*** Materials provided

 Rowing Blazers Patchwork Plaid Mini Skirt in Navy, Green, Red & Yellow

******
*** Materials provided

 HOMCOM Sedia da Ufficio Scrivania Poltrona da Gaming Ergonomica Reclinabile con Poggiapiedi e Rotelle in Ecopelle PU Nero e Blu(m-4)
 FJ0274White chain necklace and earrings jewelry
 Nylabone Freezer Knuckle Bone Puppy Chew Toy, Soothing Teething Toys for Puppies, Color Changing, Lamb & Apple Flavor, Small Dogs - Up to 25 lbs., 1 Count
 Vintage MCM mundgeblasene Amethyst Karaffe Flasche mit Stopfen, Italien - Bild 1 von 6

******

* [Exercise brief] Reproduce word for word the material above, beginning with the line that contains "HOMCOM Sedia da" and ending with the line that contains "FJ0274White chain necklace".

* [Your solution]
 HOMCOM Sedia da Ufficio Scrivania Poltrona da Gaming Ergonomica Reclinabile con Poggiapiedi e Rotelle in Ecopelle PU Nero e Blu(m-4)
 FJ0274White chain necklace and earrings jewelry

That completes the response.